Bright spotlight, tense atmosphere, amazed audience and skeptical judges. Two little shiny yo yos are flying lively in the air, making loops, zigzags and twists. The little quirky objects, masterfully manipulated by a contestant, are holding the audience’s attention tightly. In a moment the judges’ decision is ready – a world champion is named.
On Nov, 2, AAU students could witness this exciting mastery at Roxy club – performed by a fellow student. Kentaro Kimura, a Business Administration student at AAU and an easy-going and likable fellow, at the young age of mid-twenties fulfilled his most courageous dreams. A four-time champion of World and National contests, Kentaro Kimura is a real proof that dreams come true – only hand in hand with strict discipline and hard work.
“Yo yo is like second nature to me,” says Kentaro. “Even if I lost my arms, I would continue working with yo yo in some way.”
Yo yo is a simple toy – a spool with long string attached. The first-impression of simplicity vanishes when you see a professional performance. Rapidly intertwining and twisting the string with fingers creates a fast-paced lively dance of the spool in the air. At contests, participants have only 1 to 3 minutes to show their mastery. Yet the fast-paced virtuosic motion of yo yo often makes those several minutes saturated with amaze.
Back in 1997-1998 a popular Japanese comic book “Coro Coro” started advertising yo yos. This comic book often set game trends for kids through advertisements. The Hawaiian players on the ads, looking cool, quirky and masterful, impressed a 12-year old Kentaro and this is how passion for yo yo was born.
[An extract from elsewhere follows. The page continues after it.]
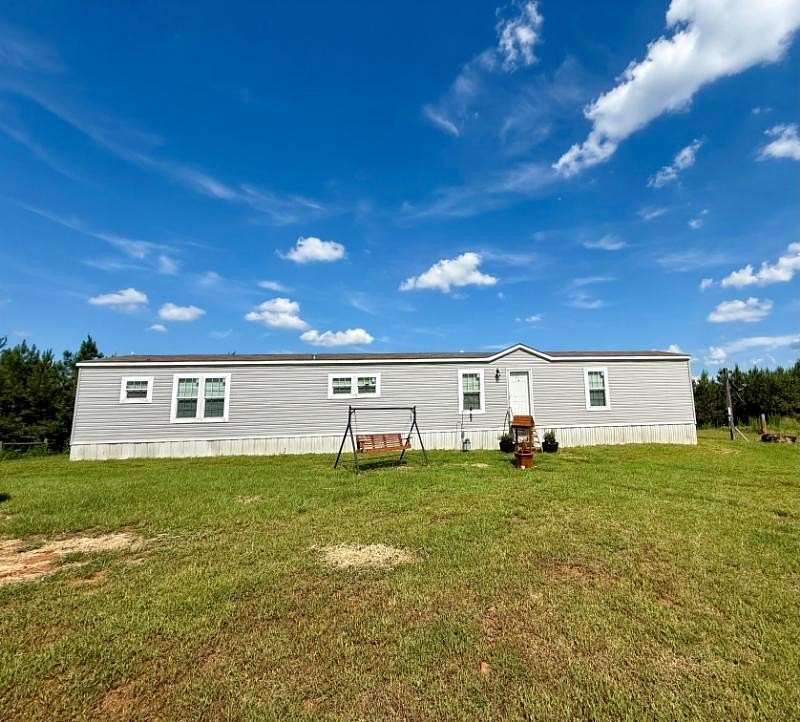 51.3 Acres of Recreational Land with Home for Sale in Golden, Mississippi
At that time Kentaro shared this passion with many age mates. “It was a huge boom in Japan,” he says. “Many kids brought it to school.” While for some it was left behind as a children’s game, for Kentaro it eventually became destiny.
One day in 2002 Kentaro found that a World Contest was being held in Florida. “There was no deep reason or thought. I just suddenly felt the urge – I need to go,” Kentaro says. It was the first real contest that he went to and which started the long and demanding path to championship.
Feeling nervous and uncomfortable in a new competitive environment, Kentaro didn’t achieve much success at first. What he did achieve in the beginning was a firm determination: “I need to become a champion.”
For years and years Kentaro practiced. Yet there was a challenge he couldn’t overcome: nervousness. While he did the tricks perfectly at home and very often won at regional contests, national and world contests were pressuring and nerve-racking. “I put so much effort, but my nervousness spoiled my tricks,” he says.
Yet Kentaro didn’t give up. There were times when he practiced 10 hours a day for months. “I always told myself “you did a lot of practice, you need to win, to have a real result for all this effort,” Kentaro says.
“At times I even hated yo yo, didn’t want to see it,” says Kentaro. Yet the image of championship was strongly set before his eyes.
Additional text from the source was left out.